Mayi-Eder Inchauspé, directrice de l'administration et des ressources humaines d'ESPACE GO, Micheline Chevrier, directrice artistique et générale, Nathalie Maillé, directrice générale du Conseil des arts de Montréal, Marie-Ève Milot, codirectrice artistique du Théâtre de l'Affamée et représentante des F.E.T., Ginette Noiseux, directrice générale et artistique d'ESPACE GO et Elkahna Talbi, autrice, poétesse et comédienne

Des pistes de solution pour accroître la place des femmes au théâtre

Le Chantier féministe 2019 portant sur la place des femmes en théâtre a dévoilé son rapport mardi matin à Montréal, assorti de recommandations pour atteindre la parité et faire tomber «le rideau de verre».

Les auteures et les metteures en scène sont confrontées à des inégalités criantes qui perdurent entre les femmes et les hommes, ressort-il du rapport.

Les pistes de solutions dégagées sont issues d’un événement ayant rassemblé près de 1000 participants au Théâtre Espace Go en avril dernier, pendant une semaine entière.

Il partait notamment de ce constat : de 2012 à 2017, des 151 pièces qui ont été présentées sur les scènes francophones à Montréal et à Québec, seulement 19 % des textes et 19 % des mises en scène avaient été confiées à des femmes.

Pour atteindre la parité dans le milieu théâtral québécois, le comité de direction a mis en lumière ces suggestions : la création de comités-conseil féministes au sein des différents conseils des arts, la création d’outils statistiques sur le genre et la parité hommes-femmes et la redistribution du financement public — notamment par l’application de quotas paritaires, l’utilisation de la parité comme critère d’évaluation lors de l’attribution des fonds publics et un rattrapage historique.

«On ne veut pas qu’elles [les femmes] soient financées parce qu’elles sont des femmes. Mais parce qu’elles sont des femmes, elles sont moins financées», a illustré Ginette Noiseux, la directrice générale et artistique d’Espace Go. «Il faut leur donner les moyens.»

Le rapport recommande aussi la création de prix soulignant les réalisations des créatrices en théâtre et la réforme des prix existants. Actuellement, un seul prix sur neuf porte le nom d’une femme de théâtre, soit le prix Denise-Pelletier.

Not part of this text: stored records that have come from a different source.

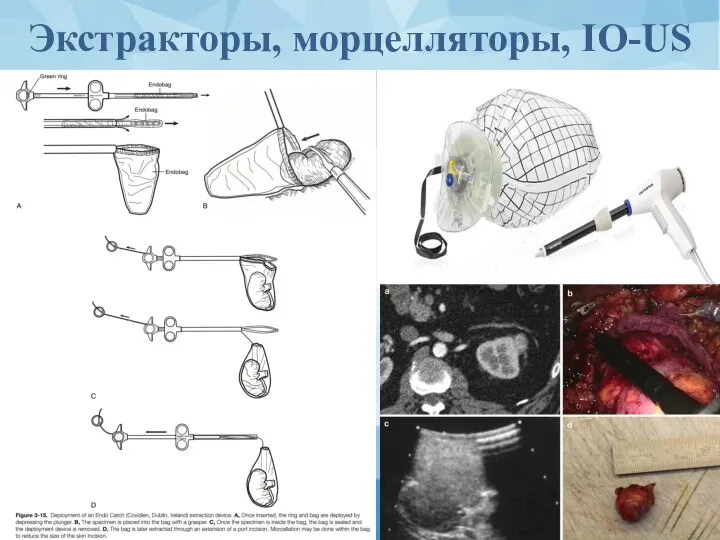 Экстракторы, морцелляторы, IO-US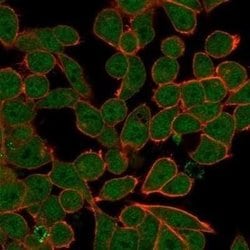 ZNF81 Mouse anti-Human, Clone: PCRP-ZNF81-2C7, Novus Biologicals 20 &mu;g;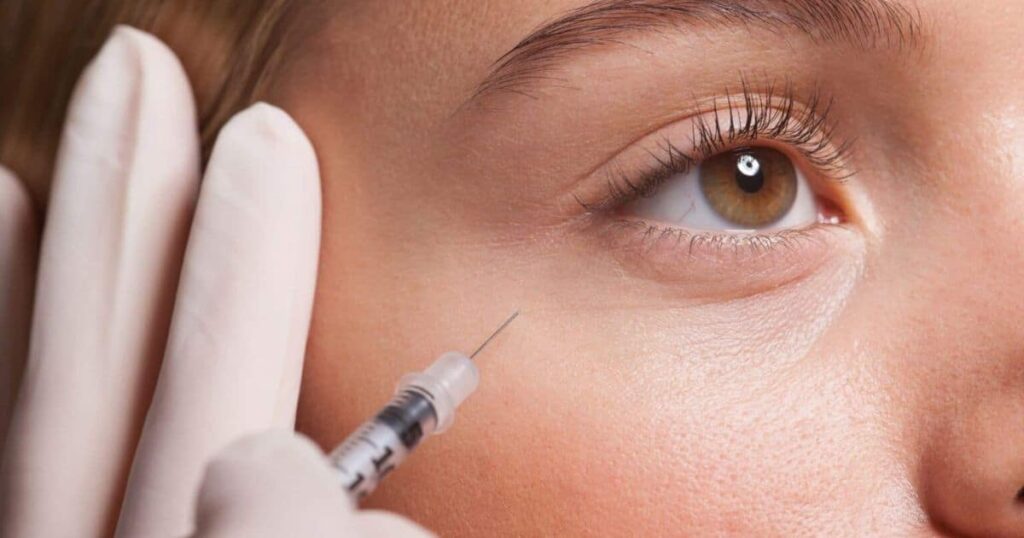 The Cost of Under Eye Filler: What to Expect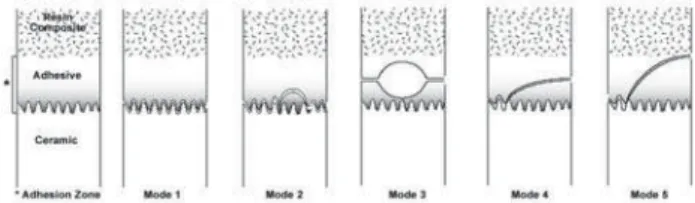 FIGURE 6-  Schematic representation (side view) of the modes of failure for the microtensile bond strength test of ceramic bonded to resin composite, based on crack initiation and principles of fractography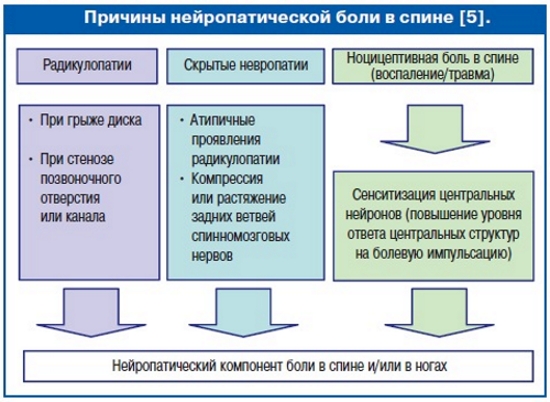 Причины нейропатической боли в спине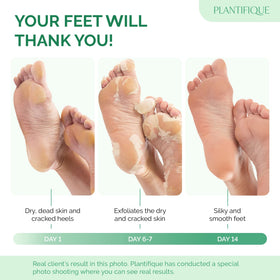 PLANTIFIQUE Foot Peeling Mask Peach packaging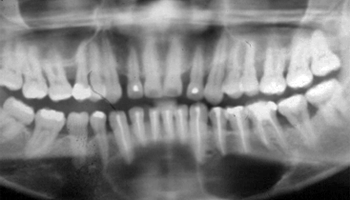 Figura 5. Aspecto radiográfico posterior a la Endodoncia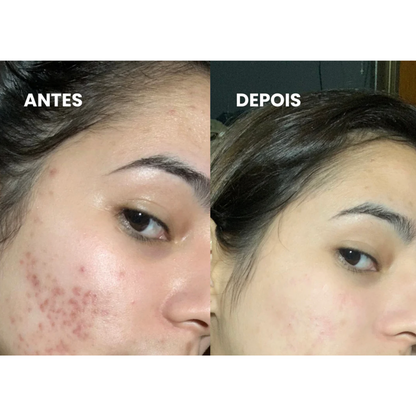 ESSÊNCIA COREANA: KIT 5PCS SKIN CARE MOISTURIZER + BRINDE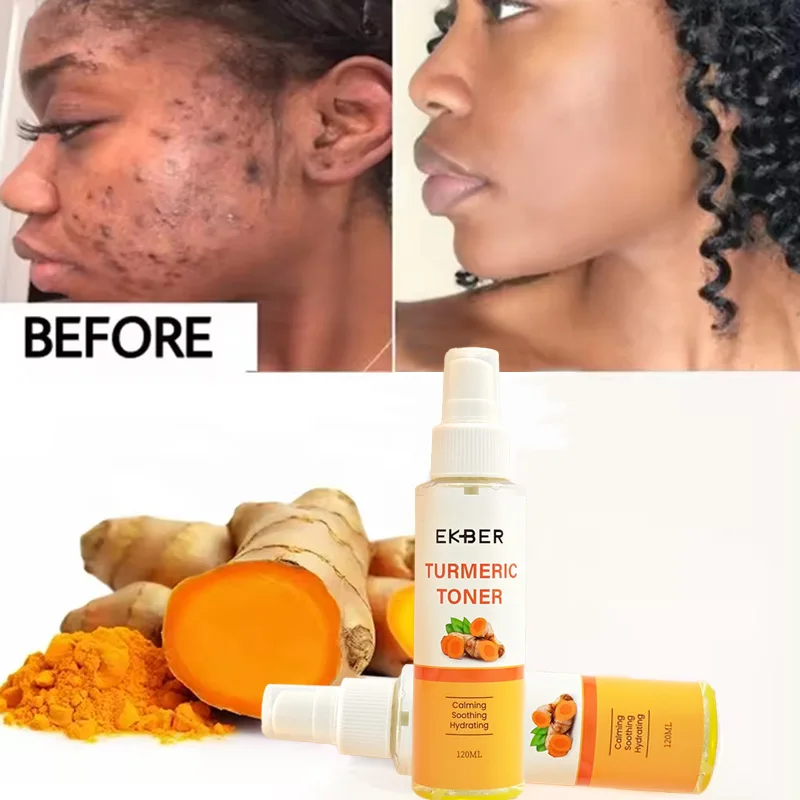 Private Label Organic Turmeric Facial Toner Fades Blemishes anti acne reduce swelling pain redness Face Turmeric Toner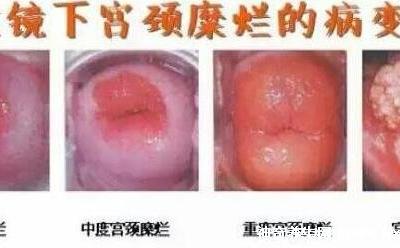 宮頸糜爛一二三度圖片，真實對比照片(小心是宮頸癌前兆)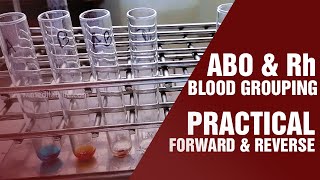 Blood Grouping Test  Principle and procedure  Cell Grouping  Serum Grouping [upl. by Betteanne]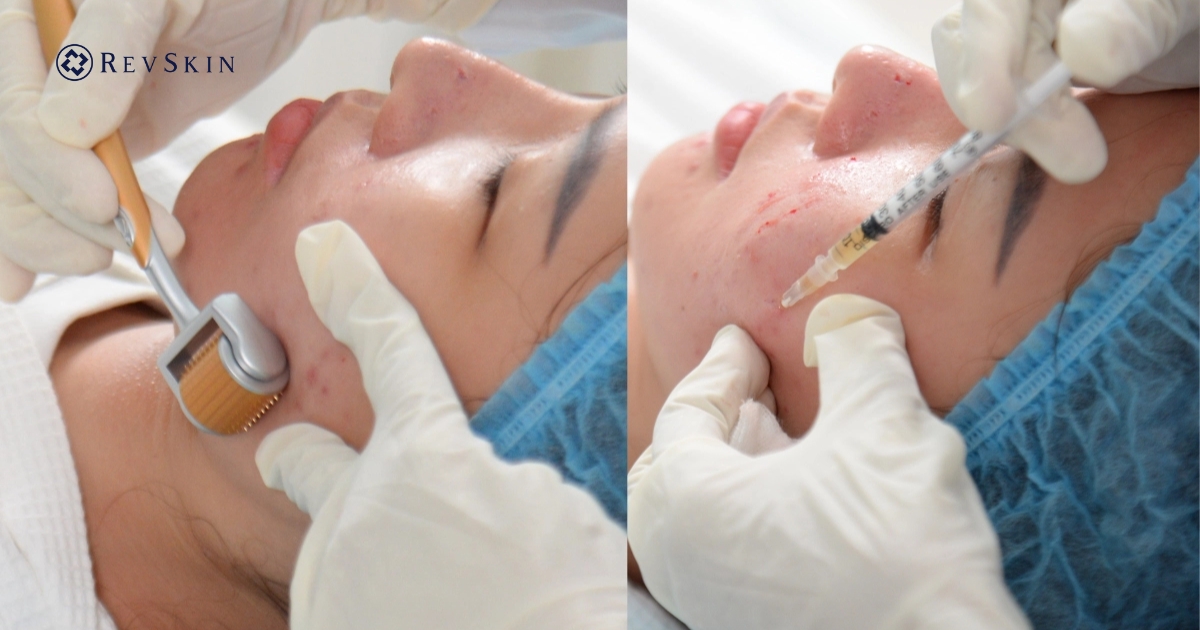 Phác đồ kết hợp PRP với Microneedling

«Ce rapport se veut une référence et une source d’inspiration pour toutes les femmes qui se battent pour la parité au théâtre», a déclaré Mayi-Eder Inchauspé, directrice de l’administration et des ressources humaines d’Espace Go, lors du point de presse tenu au théâtre à Montréal.

Sous-représentées

Et afin de dresser le portrait actuel de la situation au Québec, de nouvelles statistiques ont été compilées pour le Chantier féministe.

«Quel que soit l’angle sous lequel sont regardées les données, les femmes continuent d’être largement sous-représentées dans l’espace de la création théâtrale des scènes montréalaises et québécoises francophones», a souligné Marie-Ève Milot, codirectrice artistique du Théâtre de l’Affamée et représentante des Femmes pour l’équité en théâtre (F.E.T.).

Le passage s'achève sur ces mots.